[Crawled caption data]
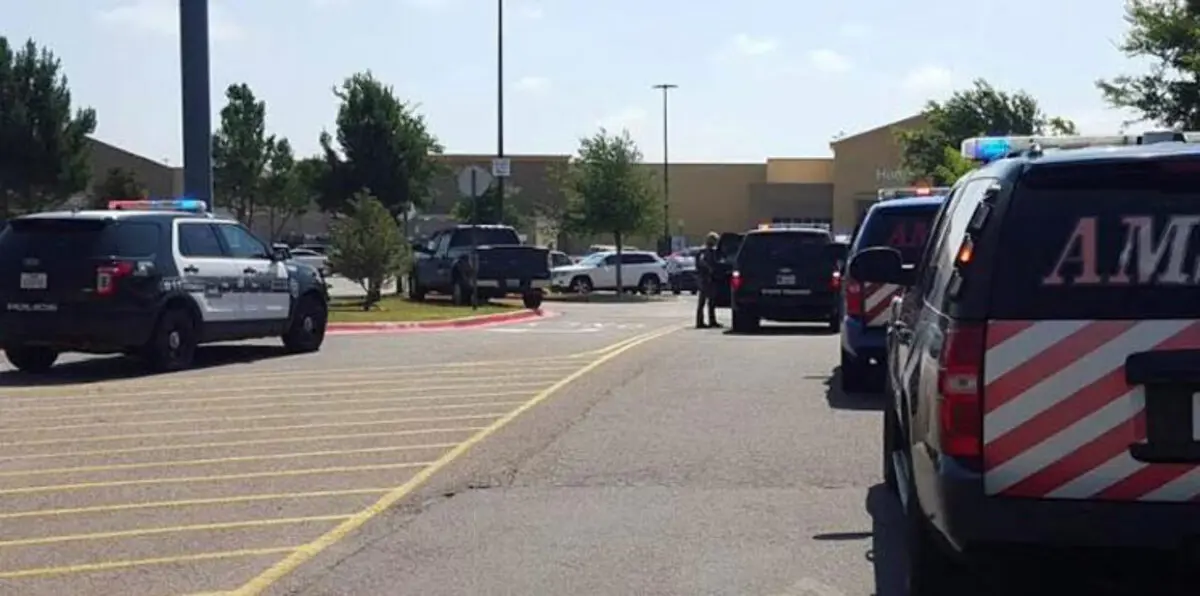 شرطة ولاية تكساس تقتل مسلحًا داخل متجر كان يحتجز به رهائن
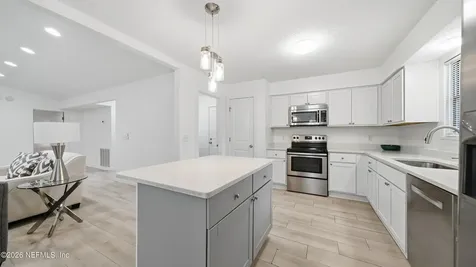 4926 Meganwood Lane Jacksonville FL 32257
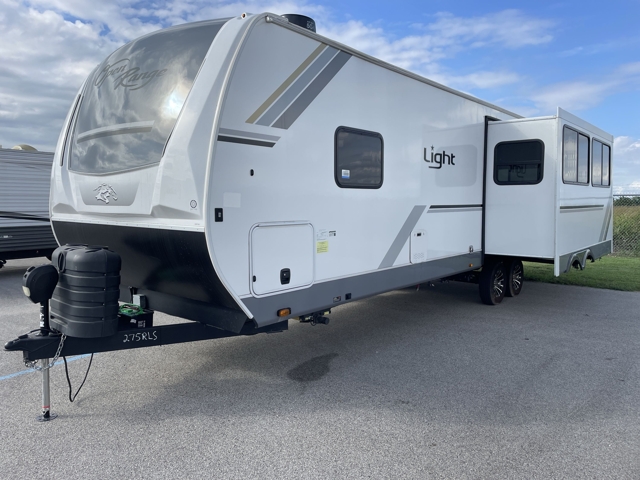 2025 Highland Ridge Light 275RLS — photo 4 of 8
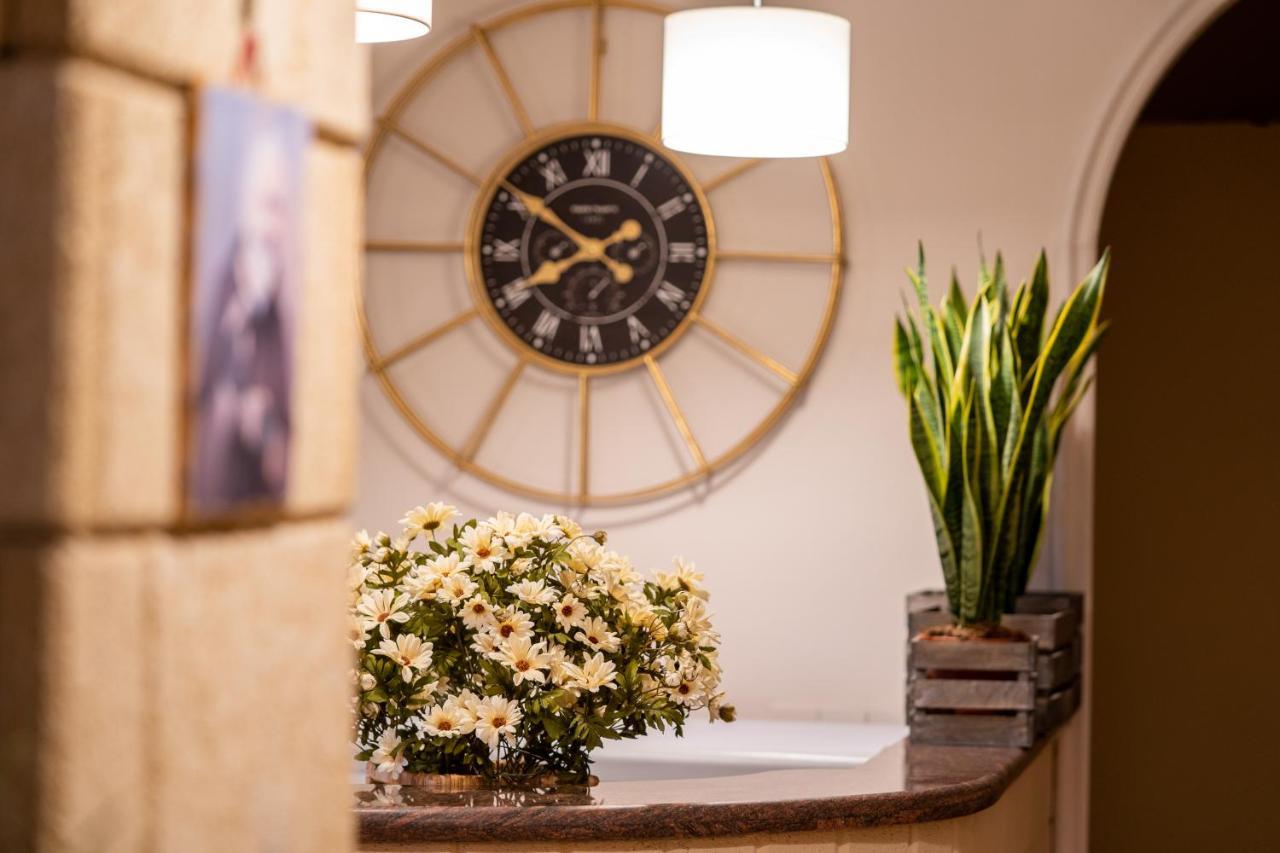Hotel Costa D'Oro ตอร์เร โอโว ภายนอก รูปภาพ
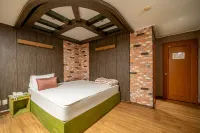 Busan Gaegum Buckingham Hotels near 당감 성당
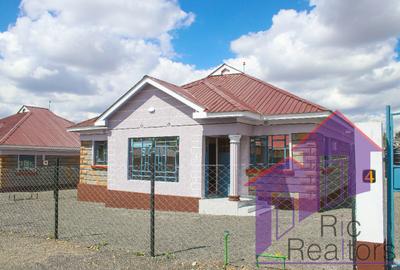 3 Bed House with En Suite at Aacia Road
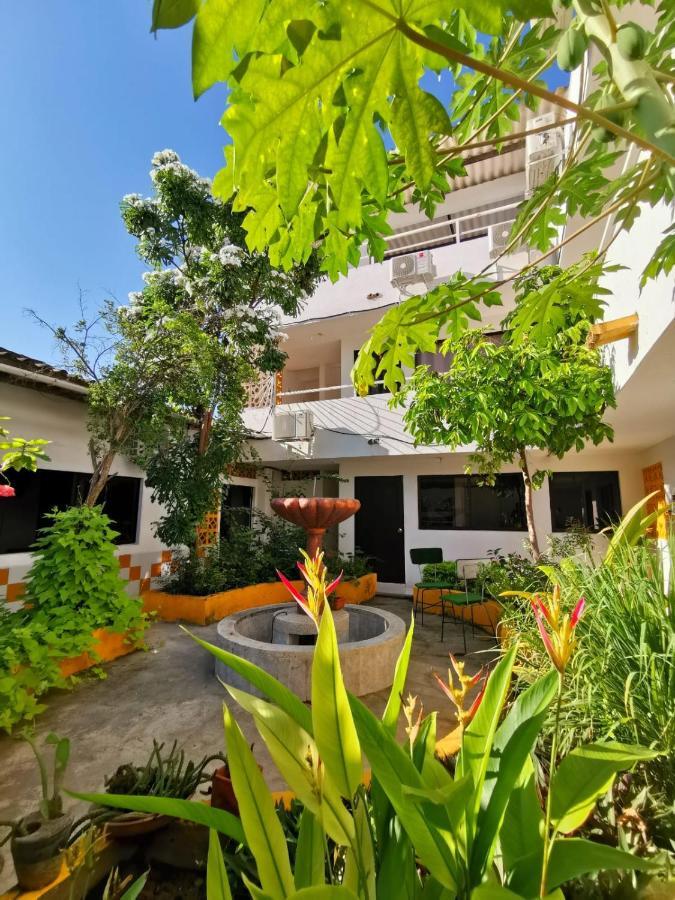 Monasterio Hostal *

- **What the task asks**
Print only the lines from the one with "Hotel Costa D'Oro ตอร์เร โอโว ภายนอก รูปภาพ" through the last line of the data above, exactly and with both ends, and please omit any pictures.

- **Answer to this problem**
Hotel Costa D'Oro ตอร์เร โอโว ภายนอก รูปภาพ
 Busan Gaegum Buckingham Hotels near 당감 성당
 3 Bed House with En Suite at Aacia Road
 Monasterio Hostal *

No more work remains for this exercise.